- **WHAT THE TASK ASKS**
Reproduce the lines below verbatim. Pictures are to be omitted.

Start of INPUT DATA

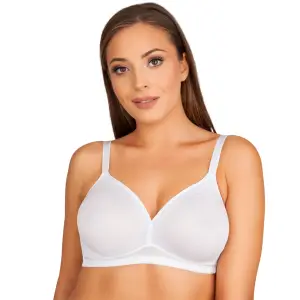 Miekki biustonosz Spacer 3D 1674 Edith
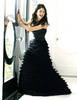 Selena Gomez Seventeen Prom 2010 (11)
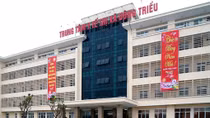 Làm rõ vụ thi thể trẻ sơ sinh bị bỏ trong thùng rác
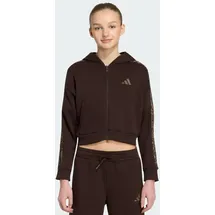 adidas Animal Brown 170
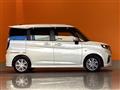 2021 Suzuki Suzuki Others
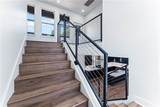 2701 Bonnie Lane - Photo 13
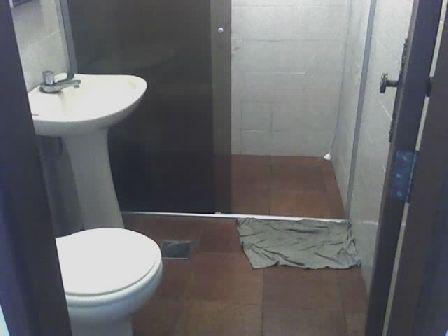 Casa, Nacional, 2 Quartos, 5 Vagas, 1 Suíte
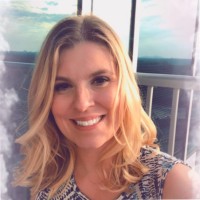 Andrea Smerek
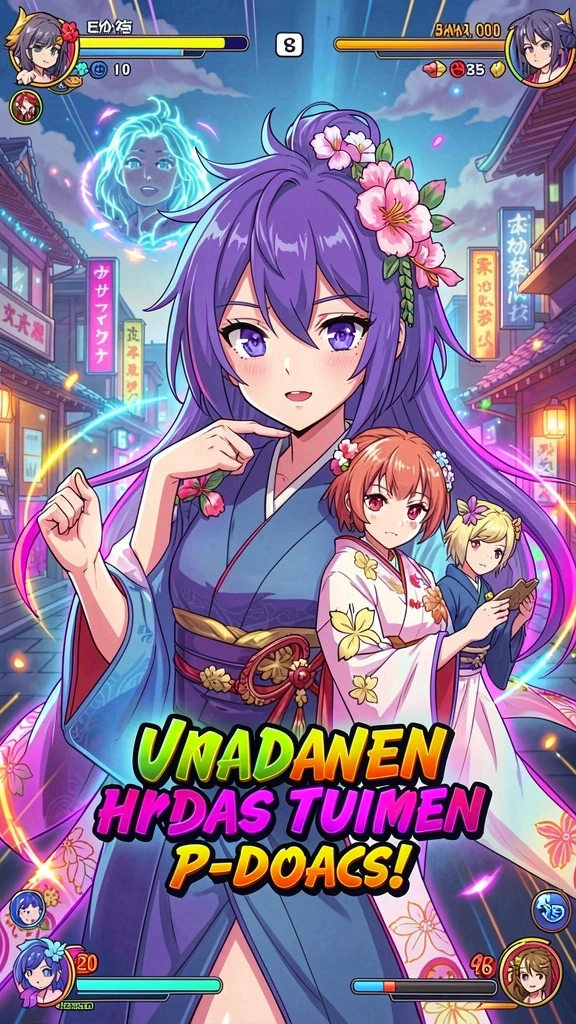 Update Aplikasi dreamplay77 ke Versi Terbaru 3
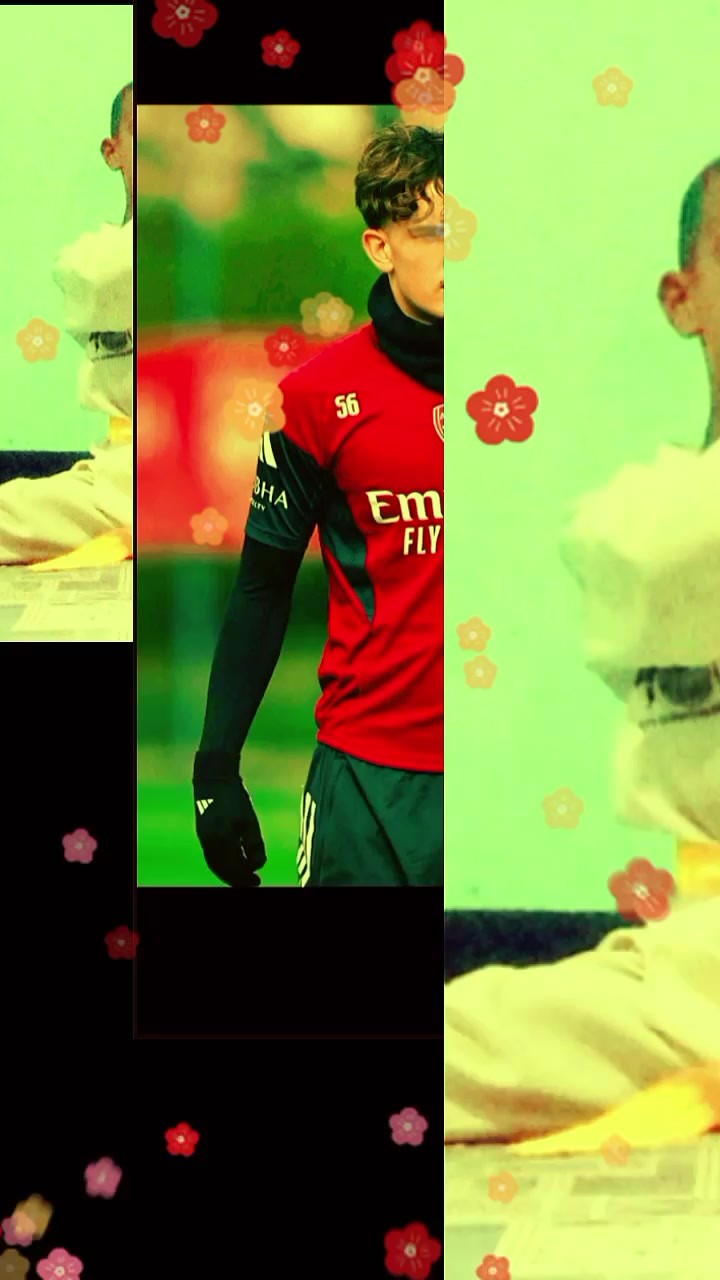 @Arafaat
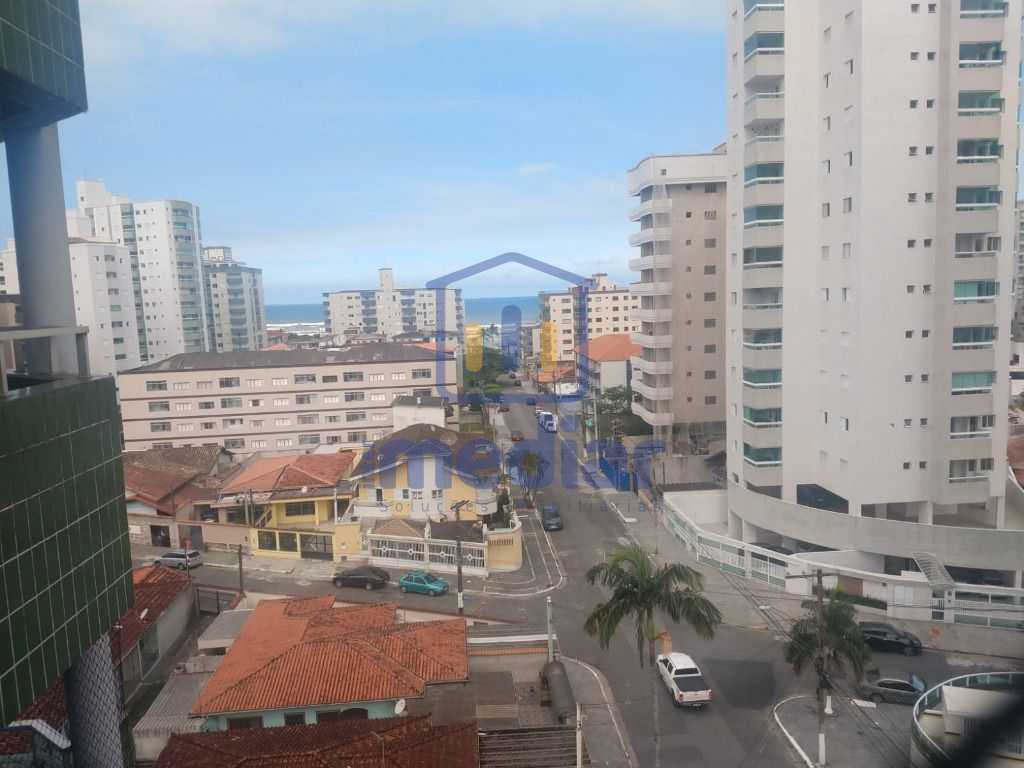 FOTO_6 - 6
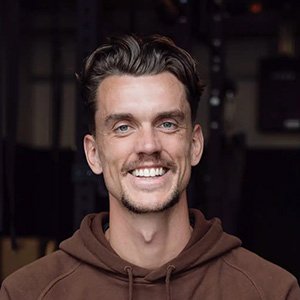 Jeroen.jpg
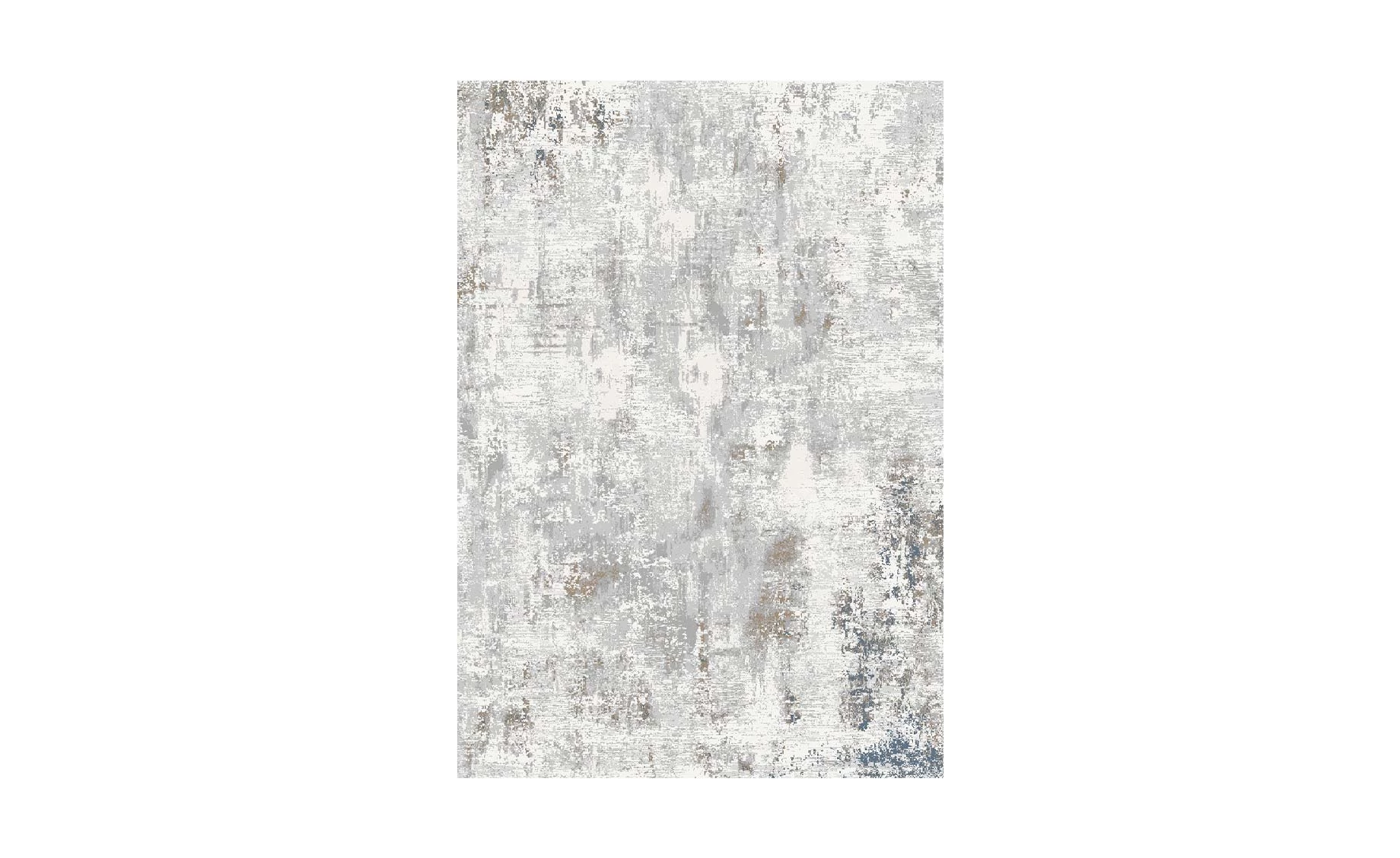 Tepih pierre cardin belis moly 160x230cm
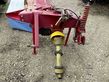 Cortacésped manual -  - cm 265 trommel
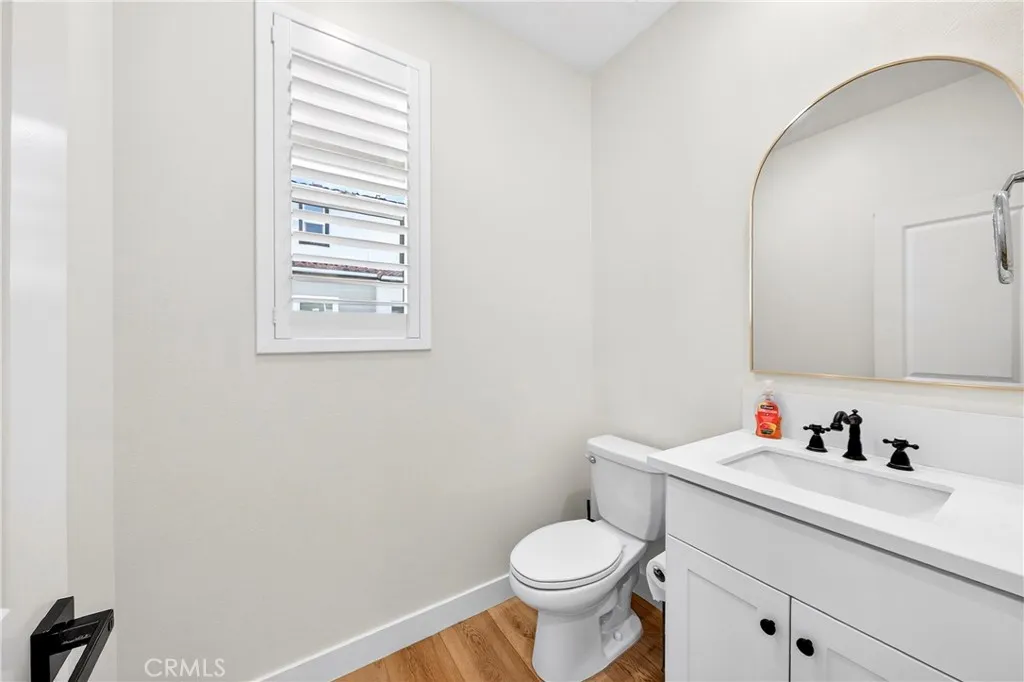 Additional image 52 of 381 Bellver, Lake Forest, CA 92630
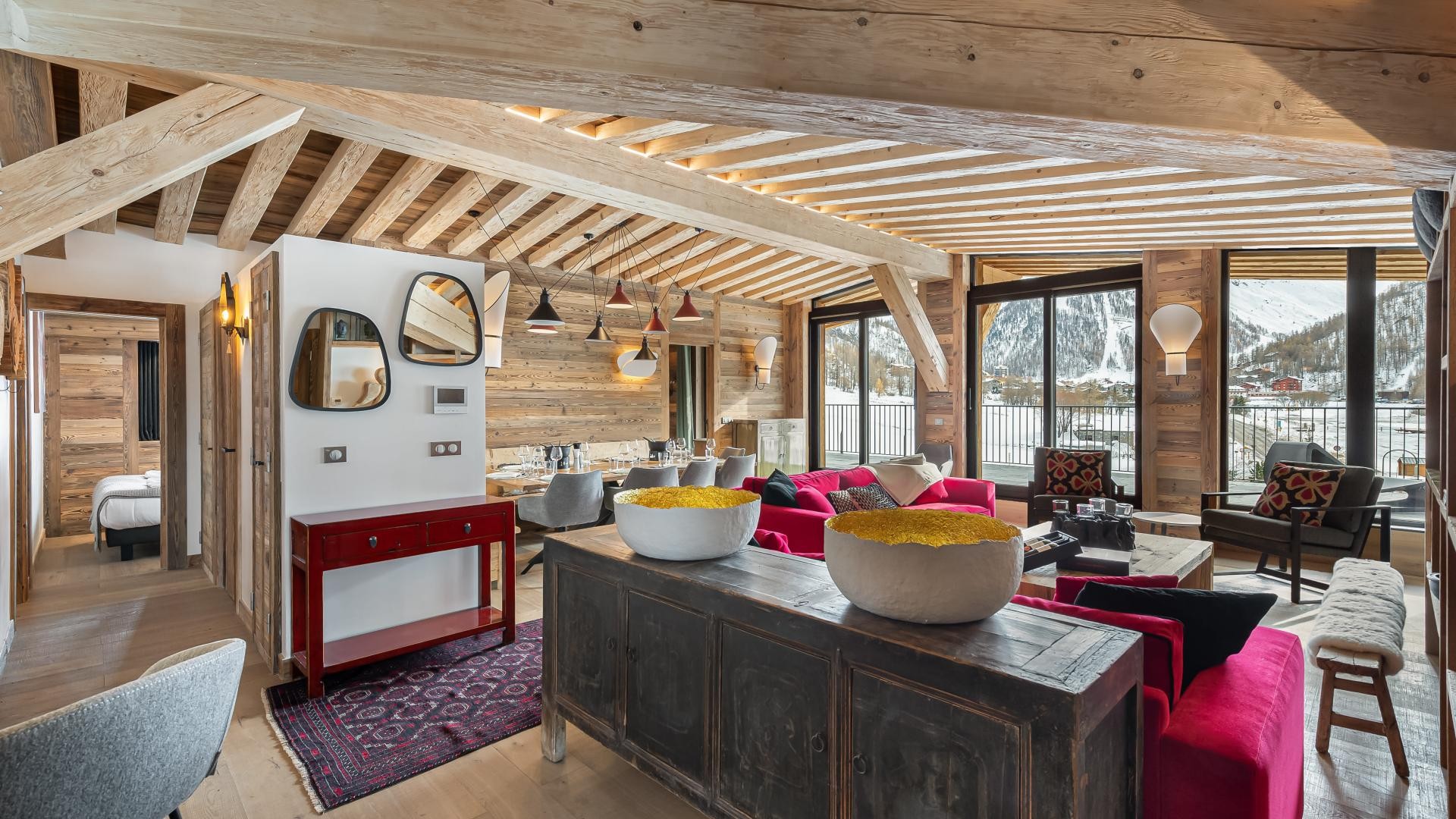 val-d-isere-location-appartement-luxe-varvate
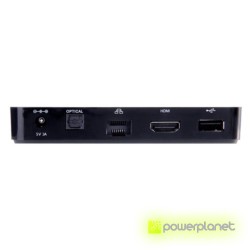 Tronsmart Vega S95 Meta - Item4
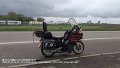 2025_05_04_so_01_141_honda_innova_bei_seligweiler_hinterreifen_aufpumpen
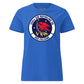 Mach2 Squadron Upload | 350TH AIR REFUELING SQUADRON | Womens | Royal | MACH-WOMENS-FRONT-ROYAL.jpg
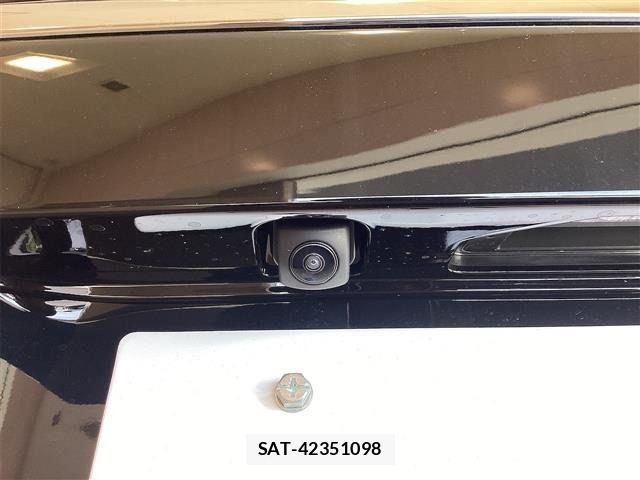 Honda N BOX CUSTOM 2025-08 6903122-17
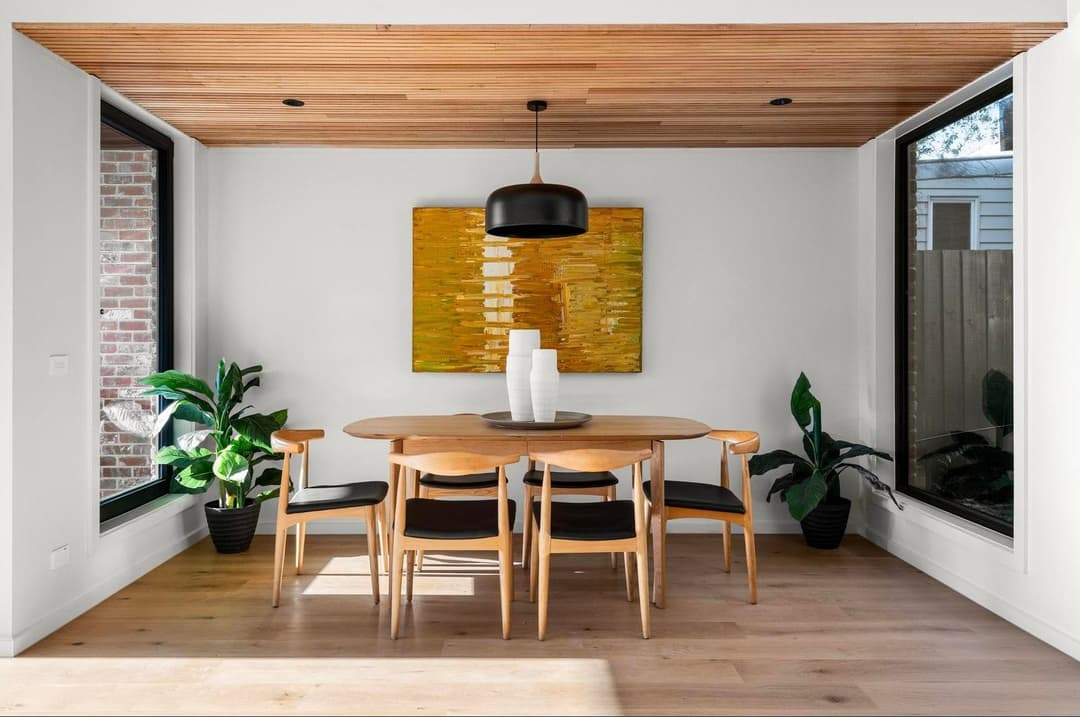 Professionally styled Melbourne property — photo 22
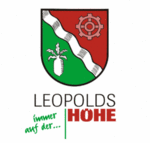 Leopoldshöhe Logo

End of INPUT DATA

- **FINISHED TASK**
 Miekki biustonosz Spacer 3D 1674 Edith
 Selena Gomez Seventeen Prom 2010 (11)
 Làm rõ vụ thi thể trẻ sơ sinh bị bỏ trong thùng rác
 adidas Animal Brown 170
 2021 Suzuki Suzuki Others
 2701 Bonnie Lane - Photo 13
 Casa, Nacional, 2 Quartos, 5 Vagas, 1 Suíte
 Andrea Smerek
 Update Aplikasi dreamplay77 ke Versi Terbaru 3
 @Arafaat
 FOTO_6 - 6
 Jeroen.jpg
 Tepih pierre cardin belis moly 160x230cm
 Cortacésped manual -  - cm 265 trommel
 Additional image 52 of 381 Bellver, Lake Forest, CA 92630
 val-d-isere-location-appartement-luxe-varvate
 Tronsmart Vega S95 Meta - Item4
 2025_05_04_so_01_141_honda_innova_bei_seligweiler_hinterreifen_aufpumpen
 Mach2 Squadron Upload | 350TH AIR REFUELING SQUADRON | Womens | Royal | MACH-WOMENS-FRONT-ROYAL.jpg
 Honda N BOX CUSTOM 2025-08 6903122-17
 Professionally styled Melbourne property — photo 22
 Leopoldshöhe Logo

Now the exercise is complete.